Teröristlerin Habur sınır kapısında davul-zurna ve halaylarla karşılanması, acele çadır mahkemeleri kurularak ifadelerinin alınarak pişmanlık yasasından yararlandırılarak salıverilmeleri, otobüs ile adeta şehir turu atmaları,
Aponun mektubunun Diyarbakır’da televizyonlardan Nevruz günü okutulması,
Şivan Perver ve Barzani beyler ile “Megri, megri” diye türkü çığırılmalar…
BOP Eş başkanlığı, Kazılan hendekler, Stratejik Derinlik, Akil adamlar…
Kürdistan diyenlere fena bi halde bozuk çalındığını oysa daha öncesinde,
Ankara Esenboğa havaalanına sözde Kürdistan bayrağının göndere çekildiğini, Barzani’ye kırmızı halılar serildiğini,
Lozan antlaşması ile ilgili açıklamaların gündeme getirilmesi…

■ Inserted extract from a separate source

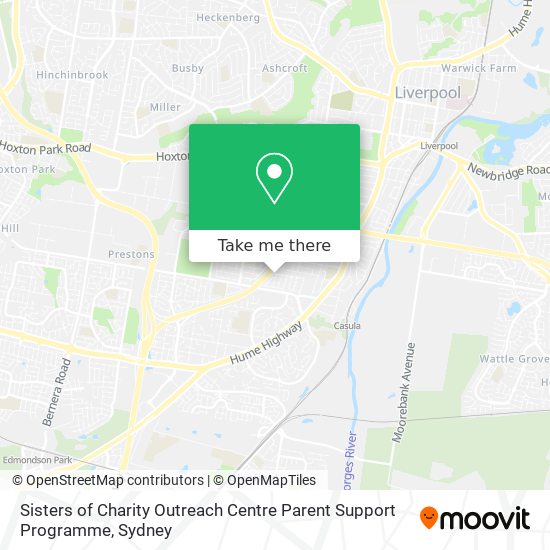 Sisters of Charity Outreach Centre Parent Support Programme map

Cumhuriyete “Reklam arası” denilmesi,
Resmi dairelerde TC kaldırıldı, Okullarımızda andımız kaldırıldı, Kızılay marka maden sularında Türk ibaresi kaldırıldı.

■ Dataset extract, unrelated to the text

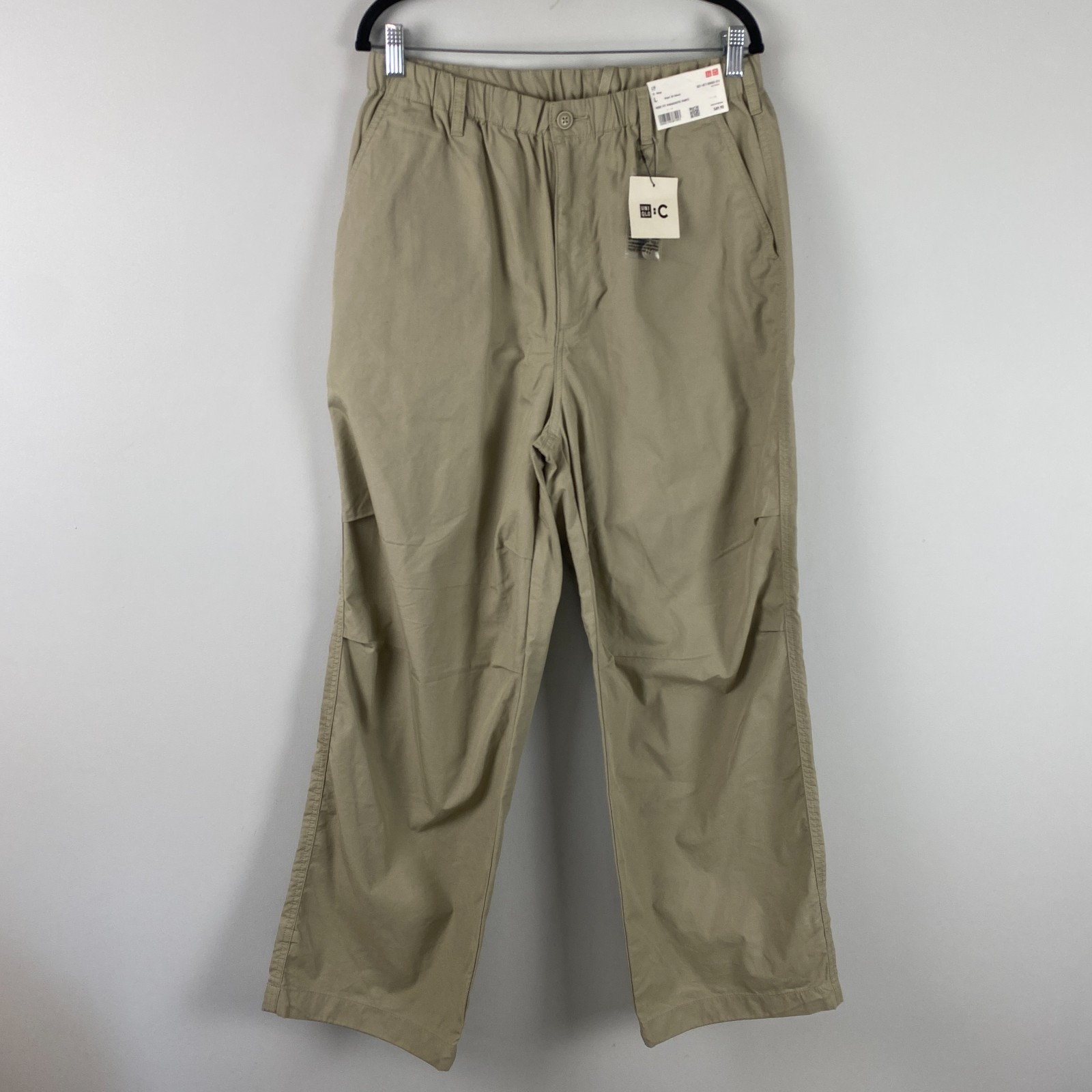 Uniqlo Wide Parachute Pants Mens Large Wide Fit Beige Elastic Waist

Askerimizin başına çuval geçirilmesi…
Uyduruk olduğu anlaşılan Ergenekon, Balyoz, Poyraz ve Ay ışığı örgüt davalarında Ergenekon davasının savcısıyım denilirken, nerede bu örgüt üyesi olayım diyenlerin ve de avukatı olmak isteyenlerin haklılığı ortaya çıkmadı mı?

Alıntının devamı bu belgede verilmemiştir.